---- GIVEN INFORMATION

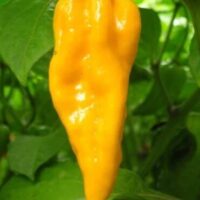 A ripe Capsicum 'Devil's Tongue' Chilli Pepper grows from a green plant in a 4" pot, nestled among its leaves.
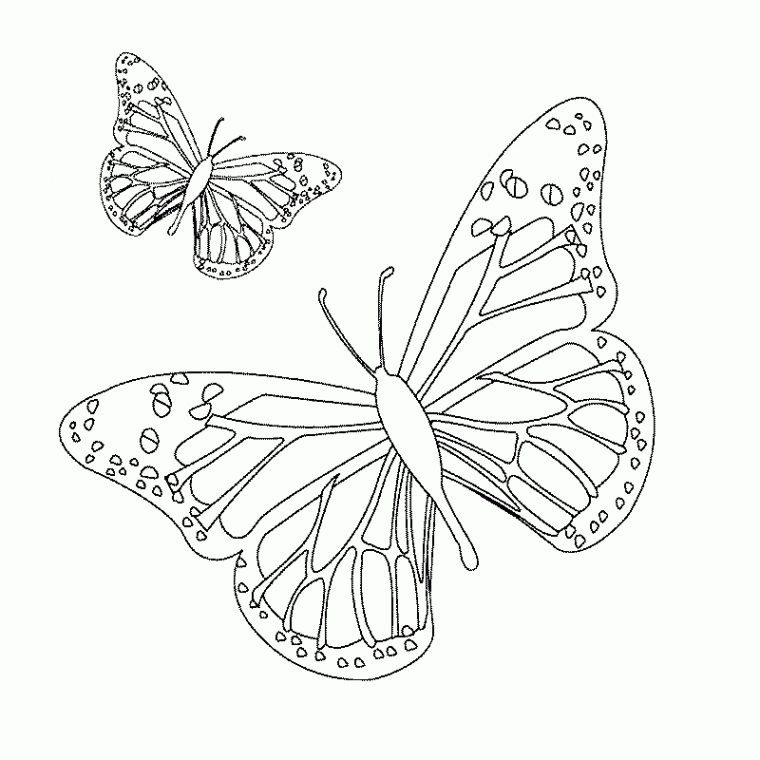 119 Dessins De Coloriage Papillon À Imprimer tout Coloriage De Papillon À Imprimer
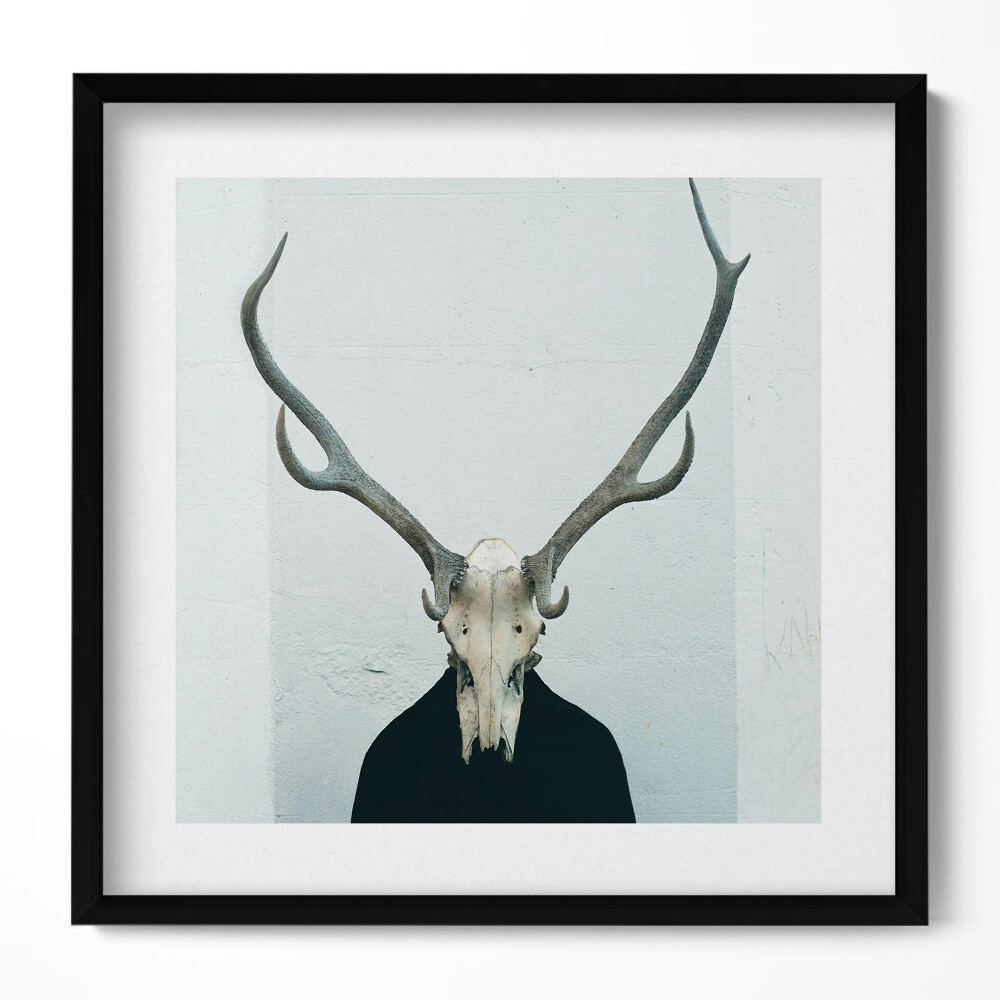 Keretezett falikép A koponya és szarvak kontrasztja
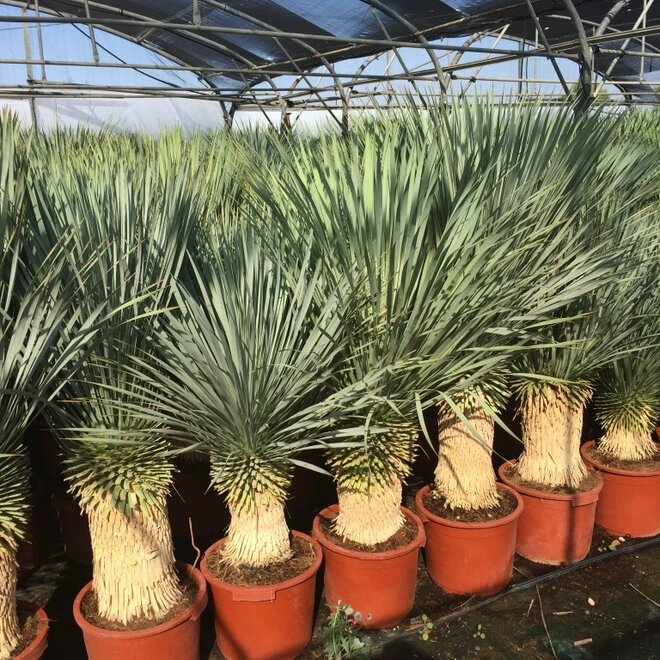 Yucca rostrata 30/40 cm stamhoogte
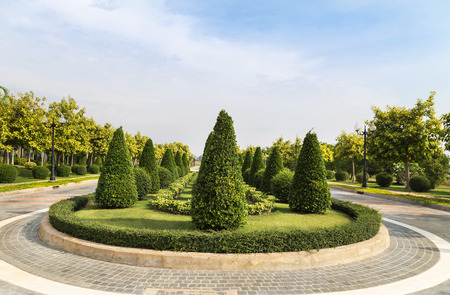 view of shrub trimming ornamental in public green park  and grass field under blue skyの写真素材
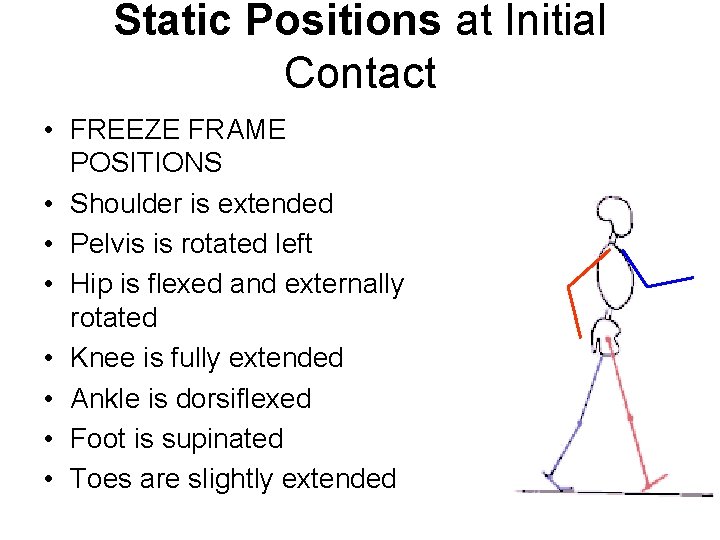 Static Positions at Initial Contact • FREEZE FRAME POSITIONS • Shoulder is extended •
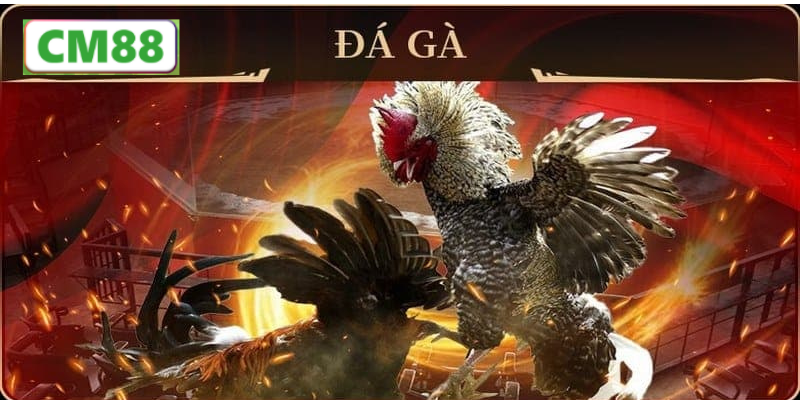 Xu hướng phát triển của đá gà trong tương lai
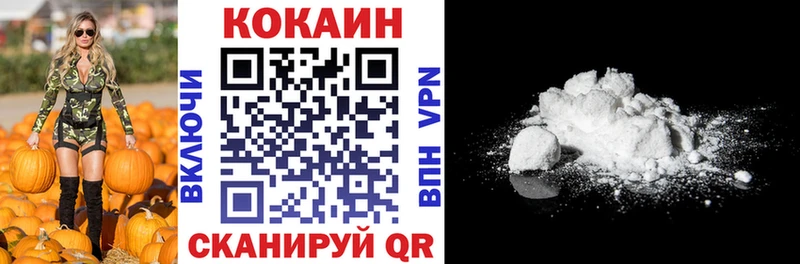 Cocaine FishScale  магазин продажи наркотиков  Малая Вишера 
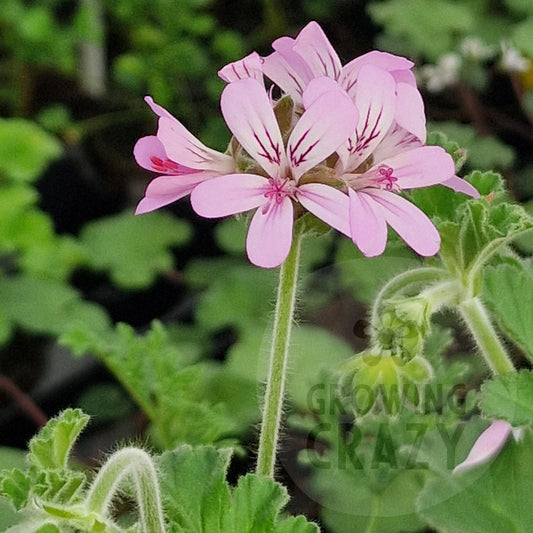P. capitatum - Species Pelargonium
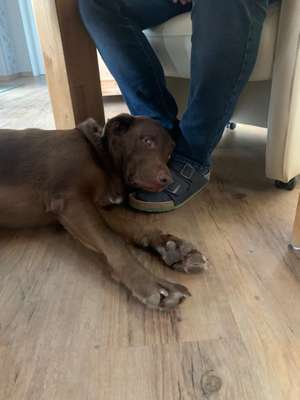 Die unbequemsten und lustigsten Schlafpositionen-Beitrag-Bild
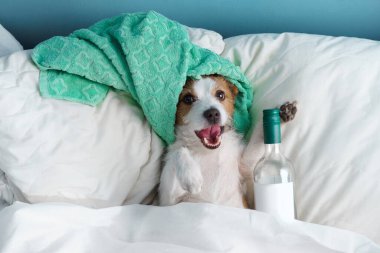 Köpek bir şişe şarapla yataktadır. Evde kal. Kafasında havlu olan komik Jack Russell Terrier.
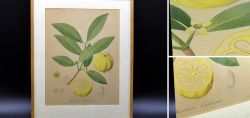 Botanical copper plate hand-colored 1833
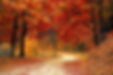 road-gda10e1e28_1920.jpg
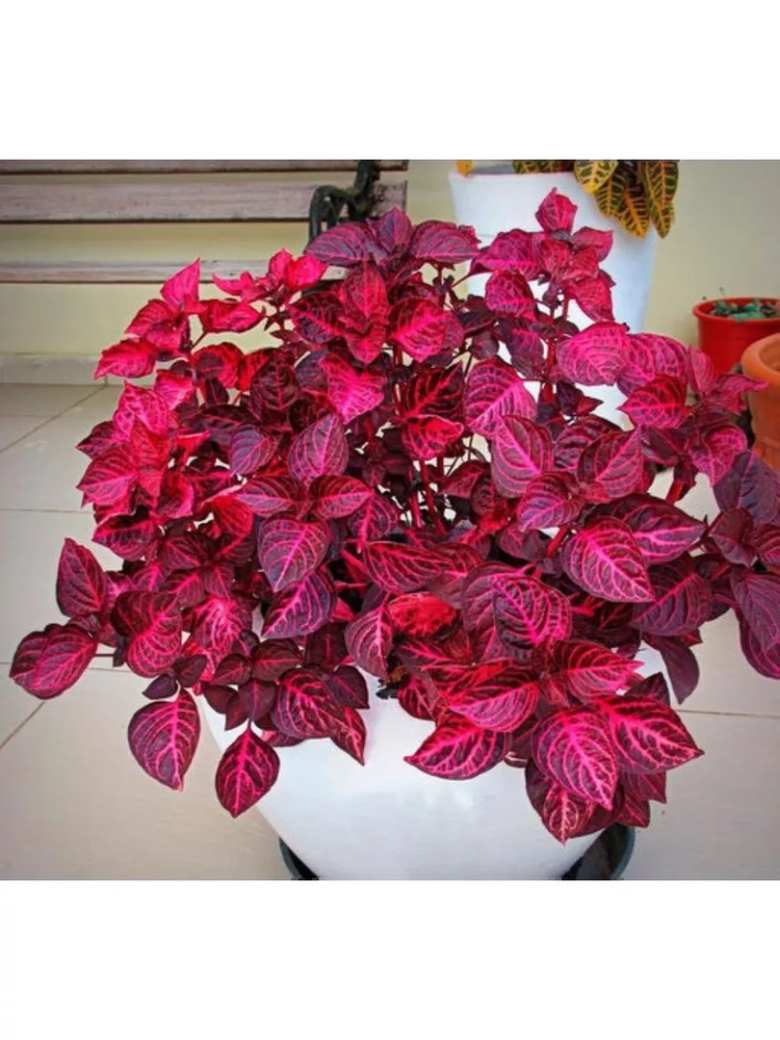 Ирезине Хербста Пурпл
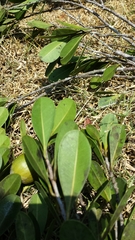 Chrysophyllum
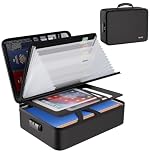 Tamfile Fireproof Document Box, Document Bag with Lock and 8 Pockets Accordion Folder A4 Document Organiser, Portable File Storage Box with Labels for Passports, Certificates and Valuables, Black
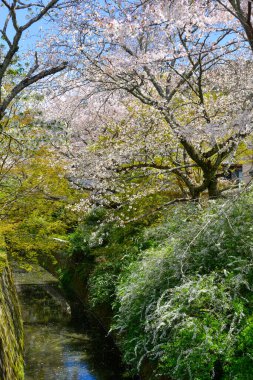 Cherry blossom landscape in Kyoto, Japan. Annual cherry blossom viewing (hanami) is an important cultural feature in Japan.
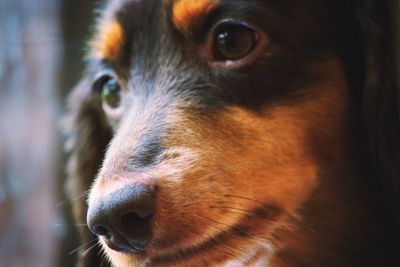Close-up of dog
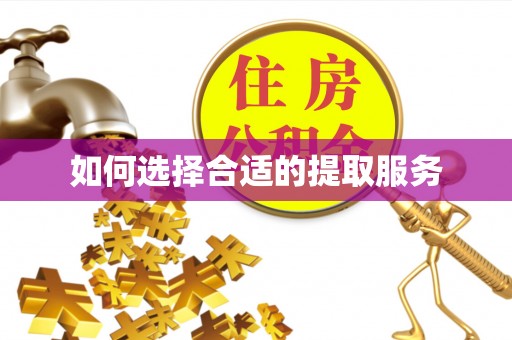 若羌如何选择合适的提取服务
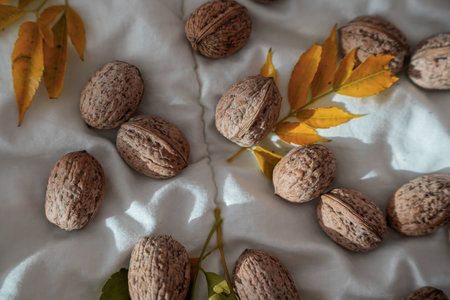 Walnuts with yellow autumn leaves on white background in natural sunlight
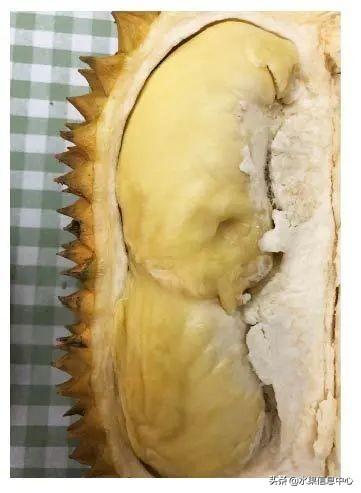 �ײ�ʱ�����ŵ����������������������ᣬèɽ��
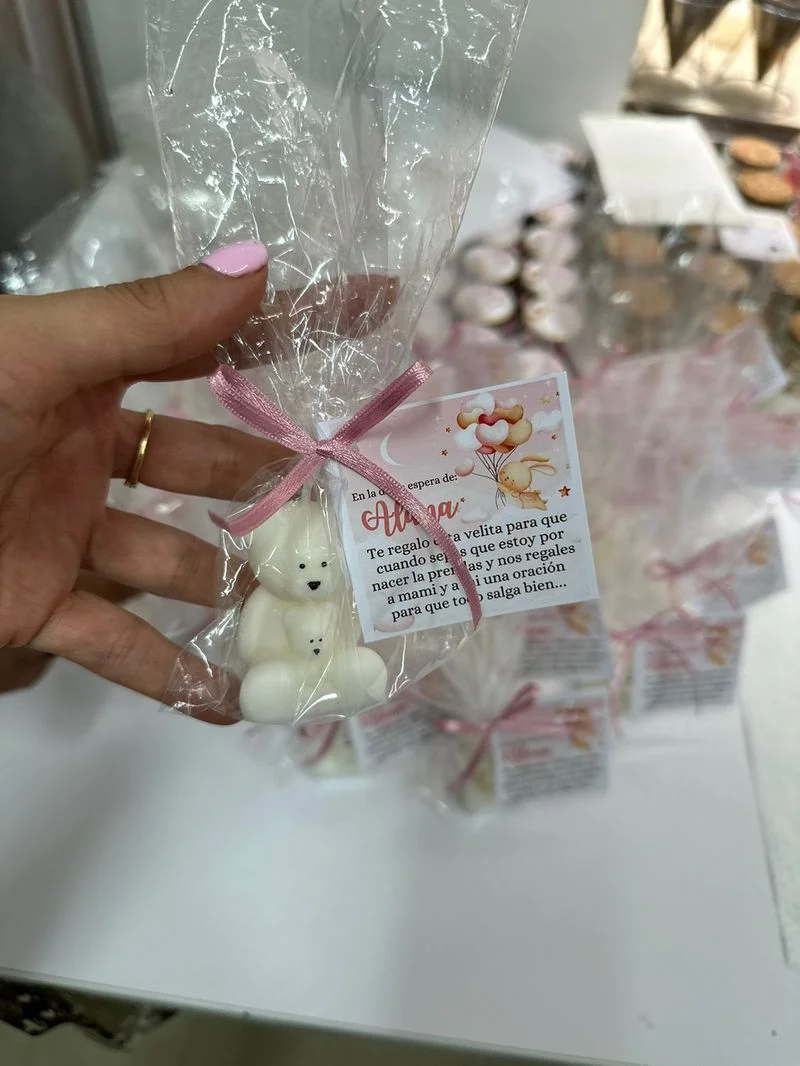 Osito con Bebé en Bolsita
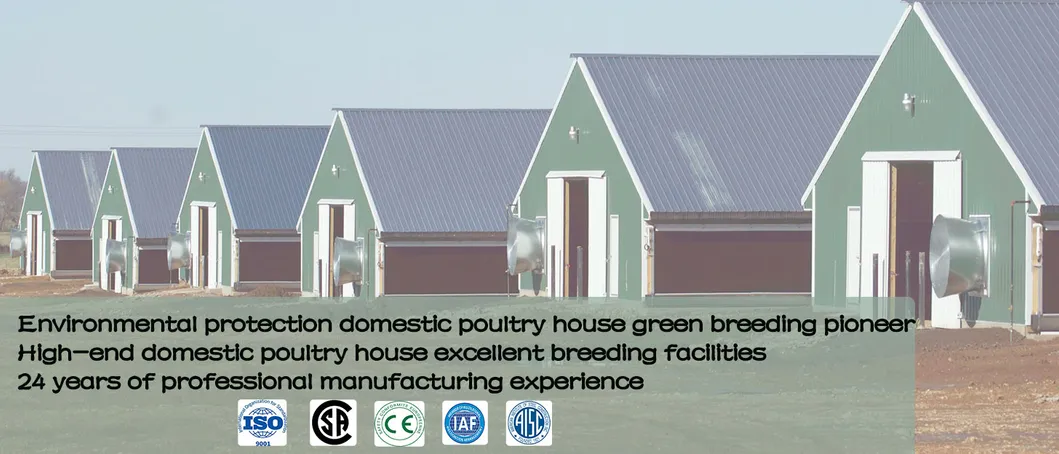 Steel Structure Building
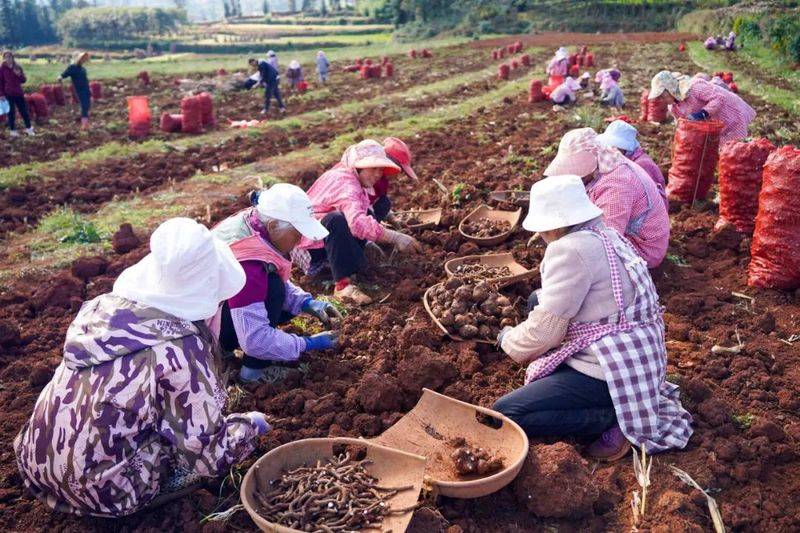 魔芋种植技术及亩产量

--------

PROBLEM DETAILS — Omit all pictures and write out, exactly, only the lines from the line containing "Cherry blossom landscape" through the last line of the entries above.

OUTPUT OF THE TASK —
 Cherry blossom landscape in Kyoto, Japan. Annual cherry blossom viewing (hanami) is an important cultural feature in Japan.
Close-up of dog
 若羌如何选择合适的提取服务
 Walnuts with yellow autumn leaves on white background in natural sunlight
 �ײ�ʱ�����ŵ����������������������ᣬèɽ��
 Osito con Bebé en Bolsita
 Steel Structure Building
 魔芋种植技术及亩产量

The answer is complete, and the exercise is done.